If one of the known validators is downloading slowly, you can try adding the
`--minimal-snapshot-download-speed` flag to your validator. This flag will
switch to another known validator if the initial download speed is below the
threshold that you set.
### Manually Downloading Snapshots
In the case that there are network troubles with one or more of your known
validators, then you may have to manually download the snapshot. To manually
download a snapshot from one of your known validators, first, find the IP
address of the validator in using the `solana gossip` command. In the example
below, `5D1fNXzvv5NjV1ysLjirC4WY92RNsVH18vjmcszZd8on` is the pubkey of one of my
known validators:
```
solana gossip | grep 5D1fNXzvv5NjV1ysLjirC4WY92RNsVH18vjmcszZd8on
```
The IP address of the validators is `139.178.68.207` and the open port on this
validator is `80`. You can see the IP address and port in the fifth column in
the gossip output:
```
139.178.68.207 | 5D1fNXzvv5NjV1ysLjirC4WY92RNsVH18vjmcszZd8on | 8001 | 8004 | 139.178.68.207:80 | 1.10.27 | 1425680972
```
Now that the IP and port are known, you can download a full snapshot or an
incremental snapshot:
```
wget --trust-server-names http://139.178.68.207:80/snapshot.tar.bz2
wget --trust-server-names http://139.178.68.207:80/incremental-snapshot.tar.bz2
```
Now move those files into your snapshot directory. If you have not specified a
snapshot directory, then you should put the files in your ledger directory.
Once you have a local snapshot, you can restart your validator with the
`--no-snapshot-fetch` flag.
## Regularly Check Account Balances
It is important that you do not accidentally run out of funds in your identity
account, as your node will stop voting. It is also important to note that this
account keypair is the most vulnerable of the three keypairs in a vote account
because the keypair for the identity account is stored on your validator when
running the `agave-validator` software. How much SOL you should store there is
up to you. As a best practice, make sure to check the account regularly and
refill or deduct from it as needed. To check the account balance do:
```
solana balance validator-keypair.json
```
> **Note** `agave-watchtower` can monitor for a minimum validator identity
> balance. See [monitoring best practices](./monitoring.md) for details.
## Withdrawing From The Vote Account
As a reminder, your withdrawer's keypair should **_NEVER_** be stored on your
server. It should be stored on a hardware wallet, paper wallet, or multisig
mitigates the risk of hacking and theft of funds.
To withdraw your funds from your vote account, you will need to run
`solana withdraw-from-vote-account` on a trusted computer. For example, on a
trusted computer, you could withdraw all of the funds from your vote account
(excluding the rent exempt minimum).
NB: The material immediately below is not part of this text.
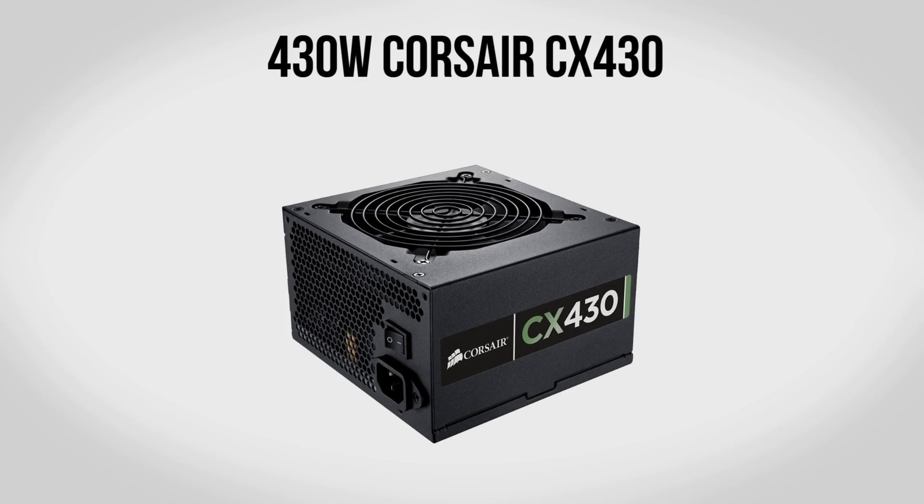For a power supply we're going to be using a 430 watt Corsair CX430. This is a great little power supply that is not only reliable but also efficient with an 80 Plus Bronze certification. 430 watts is overkill for this system as it pulls something more like 150 watts when gaming, however having extra overhead is not a bad thing — it allows you to add additional hard drives, fans, lights, and all that kind of stuff to your computer without any problems — all for about $40.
The below example assumes you have a
separate keypair to store your funds called `person-keypair.json`
```
solana withdraw-from-vote-account \
vote-account-keypair.json \
person-keypair.json ALL \
--authorized-withdrawer authorized-withdrawer-keypair.json
```
To get more information on the command, use
`solana withdraw-from-vote-account --help`.
For a more detailed explanation of the different keypairs and other related
operations refer to
[vote account management](../guides/vote-accounts.md).